TASK TO COMPLETE -
In the material below, find every line containing "injury" and copy that line.

DATA FOR THE TASK -
::::

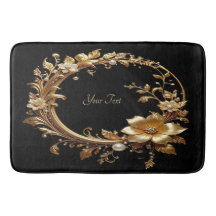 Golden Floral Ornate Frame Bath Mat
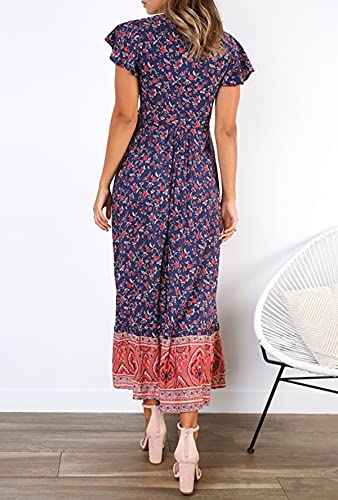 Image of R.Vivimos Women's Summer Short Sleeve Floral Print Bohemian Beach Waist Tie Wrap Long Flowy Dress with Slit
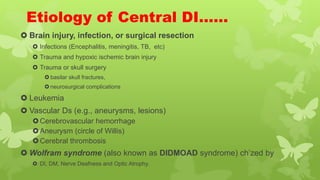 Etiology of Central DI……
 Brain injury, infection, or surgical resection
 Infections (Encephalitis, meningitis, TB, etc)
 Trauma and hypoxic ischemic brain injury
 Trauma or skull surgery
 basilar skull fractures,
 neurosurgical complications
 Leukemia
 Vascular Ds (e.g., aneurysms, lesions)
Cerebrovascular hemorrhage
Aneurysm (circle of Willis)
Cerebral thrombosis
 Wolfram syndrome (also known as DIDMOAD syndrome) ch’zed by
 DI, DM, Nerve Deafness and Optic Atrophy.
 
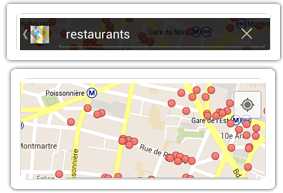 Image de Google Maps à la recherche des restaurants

::::

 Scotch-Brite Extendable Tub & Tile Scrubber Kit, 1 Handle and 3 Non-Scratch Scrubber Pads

::::

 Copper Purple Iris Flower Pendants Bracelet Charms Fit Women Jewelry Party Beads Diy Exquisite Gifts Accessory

::::

SOLUTION TO THIS EXERCISE -
 Brain injury, infection, or surgical resection
 Trauma and hypoxic ischemic brain injury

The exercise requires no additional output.